------ Listed entries

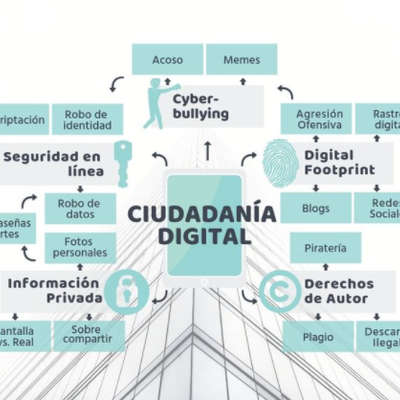 Timeline: TRASPLANTES DE RIÑÓN ARTIFICIAL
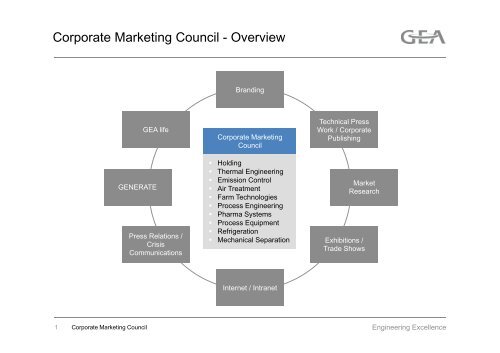 Corporate Marketing Council - Overview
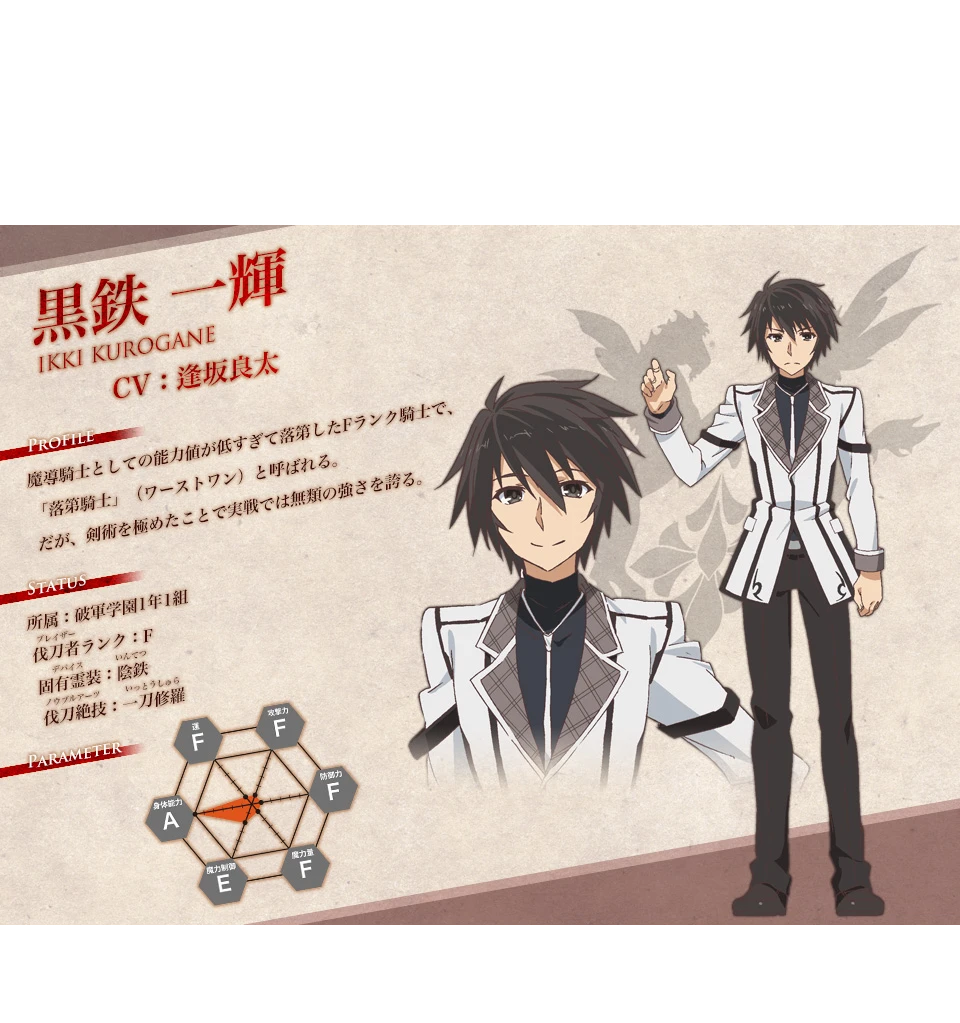 Ikki Kurogane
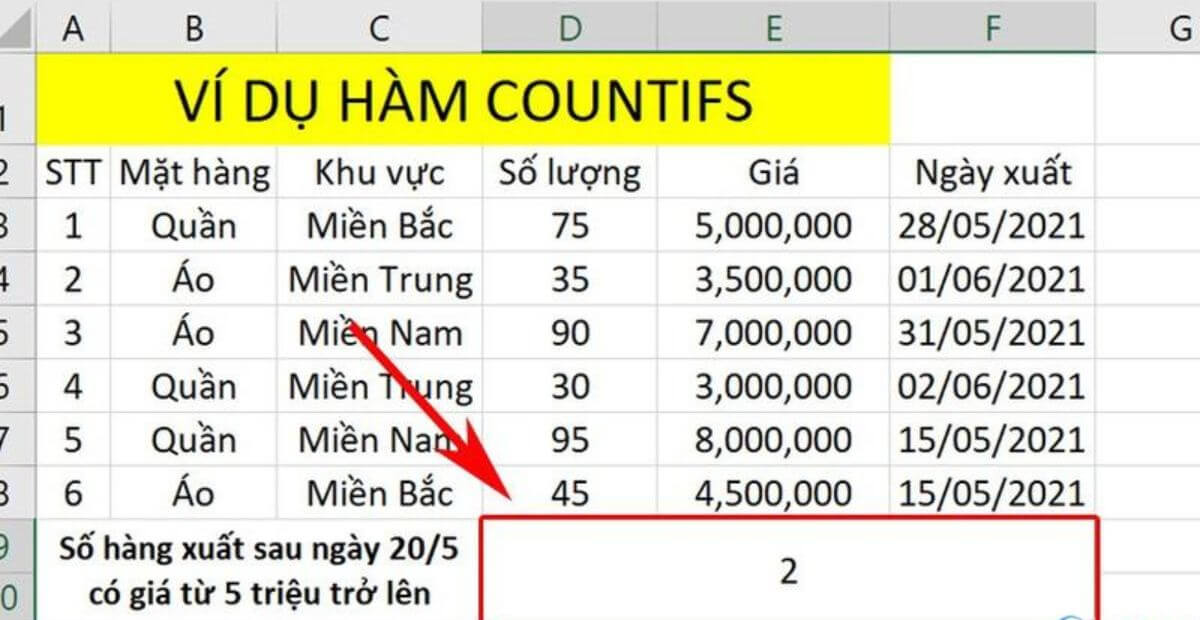 Mẹo kết hợp hàm đếm trong Excel với các hàm khác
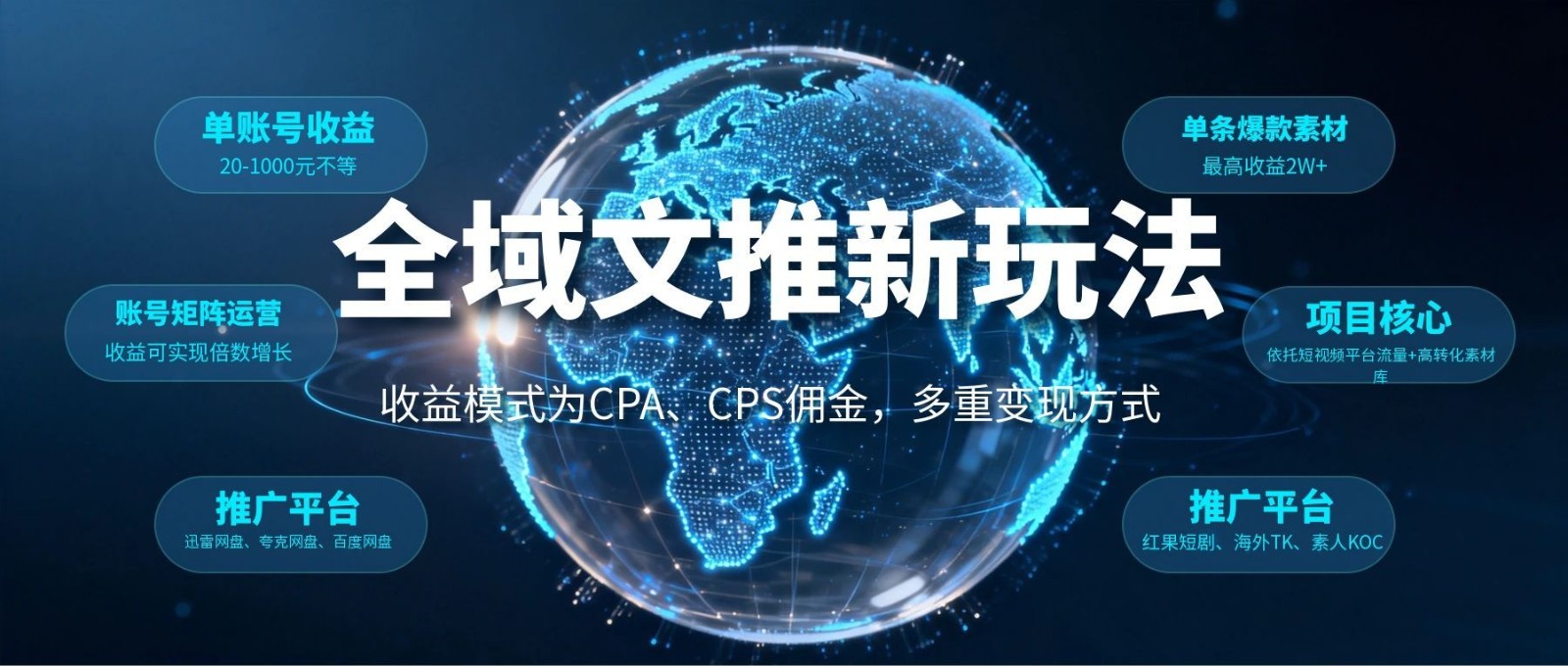 全域文推新玩法:收益模式为CPA、CPS佣金,多重变现方式-青禾学社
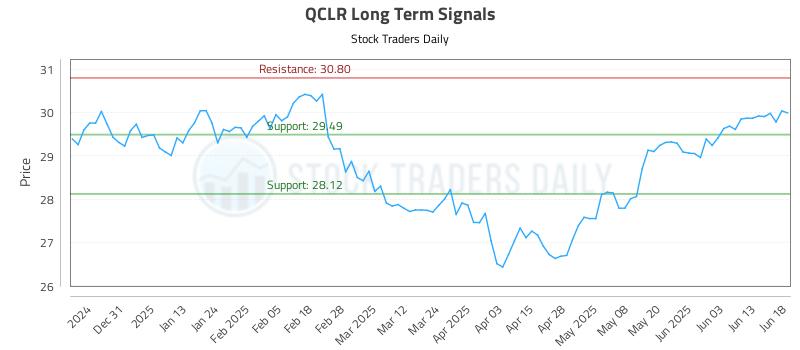 QCLR Long Term Analysis for June 20 2025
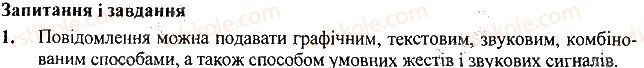 фото задание 1 - запитання і завдання - 3. способи подання інформації - розділ 1. інформаційні процеси і комп’ютер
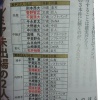 週刊ベースボールの東京五輪野球日本代表メンバー案ｗｗｗｗｗｗ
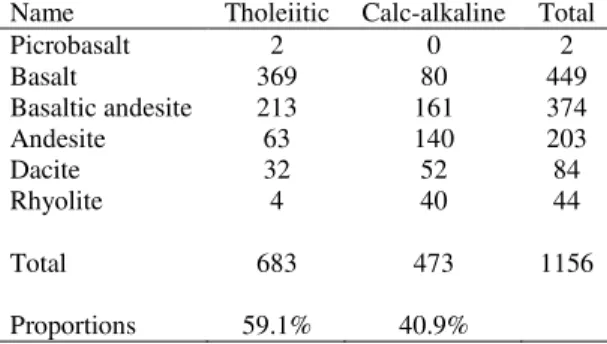 Table 1. Distribution of samples in the database, with rock names given from the TAS diagram and magmatic affinities assigned  on the AFM diagram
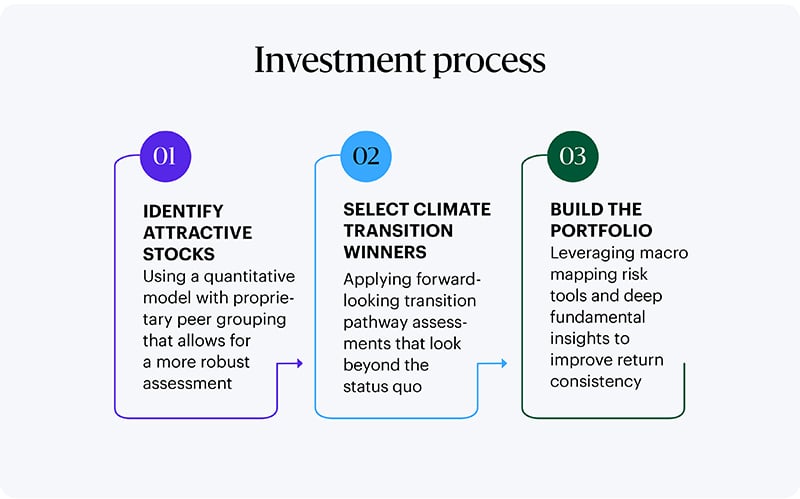 Header: Investment process. 01. Identify attractive stocks: Using a quantitative model with proprietary peer grouping that allows for a more robust assessment. 02. Select climate transition winners: Applying forward-looking transition pathway assessments that look beyond the status quo. 03. Build the portfolio: Leveraging macro mapping risk tools and deep fundamental insights to improve return consistency.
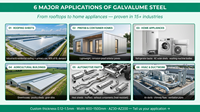 Bobine d'acier revêtue de 55 % d'aluminium et de zinc pour les systèmes de toiture et de bardage métalliques pour le Moyen-Orient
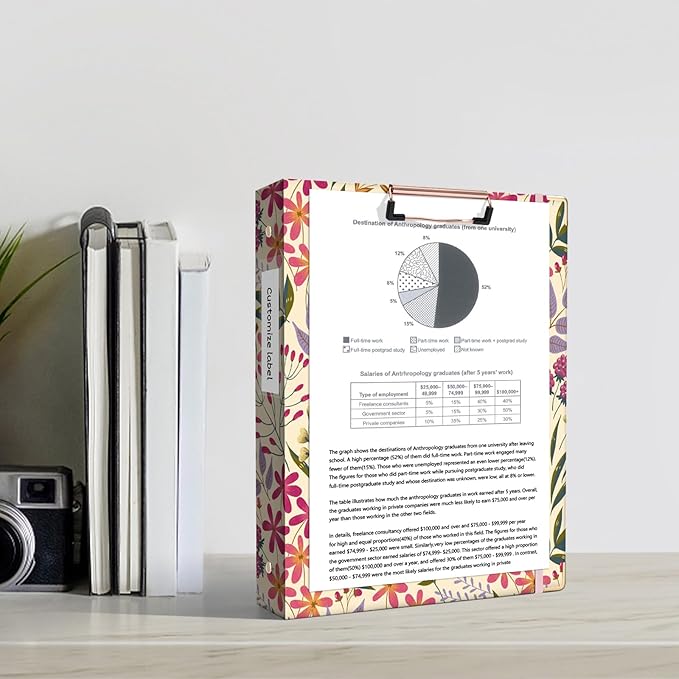 Ospelelf 3 Ring Floral Binder - Image 6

------------

What to work on: Write out the lines of the material from the one containing "週刊ベースボールの東京五輪野球日本代表メンバー案ｗｗｗｗｗｗ" through the last, exactly and only those. Leave every picture out.

Answer for the task:
 週刊ベースボールの東京五輪野球日本代表メンバー案ｗｗｗｗｗｗ
 Table 1. Distribution of samples in the database, with rock names given from the TAS diagram and magmatic affinities assigned  on the AFM diagram
 Header: Investment process. 01. Identify attractive stocks: Using a quantitative model with proprietary peer grouping that allows for a more robust assessment. 02. Select climate transition winners: Applying forward-looking transition pathway assessments that look beyond the status quo. 03. Build the portfolio: Leveraging macro mapping risk tools and deep fundamental insights to improve return consistency.
 Bobine d'acier revêtue de 55 % d'aluminium et de zinc pour les systèmes de toiture et de bardage métalliques pour le Moyen-Orient
 Ospelelf 3 Ring Floral Binder - Image 6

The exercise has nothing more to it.